You can follow along with the slides here if you would like to open them full-screen.

R has a few special values you’ll bump into when your calculations don’t work as expected.

Try dividing by zero in R, and you’ll get Inf (infinity) - unlike other languages that might crash or throw an error. R is pretty chill about it (to an annoying degree):

pi / 0 # Returns Inf
#> [1] Inf

But if you try something truly undefined like dividing zero by zero, you’ll get NaN (Not a Number):

0 / 0 # Returns NaN
#> [1] NaN

These special values appear when dealing with unusual or undefined operations in R:

  • When dividing by zero: pi / 0 gives Inf
  • When performing undefined math: 0 / 0 gives NaN
  • With contradictory operations: 1/0 - 1/0 gives NaN
  • With consistent operations: 1/0 + 1/0 gives Inf

The most common special value you’ll encounter is NA - missing data. NAs are sneaky because they’re “contagious” - almost any calculation involving an NA will give you NA as the result:

mean(c(1, 2, NA, 4)) # Returns NA
#> [1] NA

The cool thing about NAs is that they’re logically consistent. When you work with them in logical operations:

  • TRUE | NA is TRUE (because “true or anything” is always true)
  • FALSE | NA is NA (because we need to know what NA is to determine the result)

It’s like NA is saying “I don’t know what I am, but I’ll follow the rules of logic!”

33.1 Data classes

You can follow along with the slides here if you would like to open them full-screen.

Think of R’s data classes as Lego sets built from basic building blocks. The basic types (logical, character, numeric) are the individual Lego pieces, but classes are the cool structures you build with them.
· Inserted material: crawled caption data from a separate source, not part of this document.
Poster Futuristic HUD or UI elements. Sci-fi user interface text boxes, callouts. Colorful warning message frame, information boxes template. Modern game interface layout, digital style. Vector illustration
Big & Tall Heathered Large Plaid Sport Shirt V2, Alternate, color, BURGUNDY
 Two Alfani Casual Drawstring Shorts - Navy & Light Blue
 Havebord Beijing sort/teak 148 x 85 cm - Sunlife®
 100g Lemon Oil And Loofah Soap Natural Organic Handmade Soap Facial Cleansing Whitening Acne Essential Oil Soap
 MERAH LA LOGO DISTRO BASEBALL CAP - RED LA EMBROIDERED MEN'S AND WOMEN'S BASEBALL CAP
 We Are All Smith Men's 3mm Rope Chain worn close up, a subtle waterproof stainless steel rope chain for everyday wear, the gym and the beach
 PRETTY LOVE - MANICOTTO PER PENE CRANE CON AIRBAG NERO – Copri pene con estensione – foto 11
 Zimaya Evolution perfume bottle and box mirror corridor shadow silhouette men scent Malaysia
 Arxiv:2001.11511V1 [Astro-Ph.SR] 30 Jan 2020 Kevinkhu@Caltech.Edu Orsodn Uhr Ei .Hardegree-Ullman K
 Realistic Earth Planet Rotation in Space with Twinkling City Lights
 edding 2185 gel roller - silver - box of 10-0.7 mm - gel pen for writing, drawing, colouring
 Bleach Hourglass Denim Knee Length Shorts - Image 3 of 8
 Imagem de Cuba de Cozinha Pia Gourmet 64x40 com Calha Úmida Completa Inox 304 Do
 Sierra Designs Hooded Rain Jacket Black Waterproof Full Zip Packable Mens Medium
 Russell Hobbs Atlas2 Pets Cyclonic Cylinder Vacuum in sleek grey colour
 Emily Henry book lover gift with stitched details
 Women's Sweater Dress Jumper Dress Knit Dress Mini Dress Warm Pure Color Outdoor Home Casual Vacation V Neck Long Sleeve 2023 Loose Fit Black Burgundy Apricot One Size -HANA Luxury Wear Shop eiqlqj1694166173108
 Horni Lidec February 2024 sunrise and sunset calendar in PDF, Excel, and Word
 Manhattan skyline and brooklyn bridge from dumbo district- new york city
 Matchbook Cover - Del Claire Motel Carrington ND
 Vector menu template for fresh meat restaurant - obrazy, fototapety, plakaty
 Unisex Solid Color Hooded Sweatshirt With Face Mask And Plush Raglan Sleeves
Take factors - they look like character strings when you print them, but under the hood they’re actually integers with labels:

x <- factor(c("BS", "MS", "PhD", "MS"))
x # Looks like text
#> [1] BS  MS  PhD MS 
#> Levels: BS MS PhD
typeof(x) # But it's stored as integers!
#> [1] "integer"
as.integer(x) # See the numbers behind the scenes
#> [1] 1 2 3 2

Or dates - they look like calendar dates when you print them:

Y2kday <- as.Date("2000-01-01")
Y2kday # Shows as "2000-01-01"
#> [1] "2000-01-01"

But they’re actually just counting days since January 1, 1970:

as.integer(Y2kday) # Days since 1970-01-01
#> [1] 10957

Because you’re just counting time since a fixed date. This explains why you can do math with dates, like finding out what date is 30 days from now:

Y2kday + 30 # Adds 30 days
#> [1] "2000-01-31"

Even data frames are secretly just lists where all the elements have the same length:

df <- data.frame(x = 1:2, y = 3:4)
typeof(df) # "list"
#> [1] "list"

Understanding these “secret identities” helps you avoid common pitfalls and work more effectively with your data.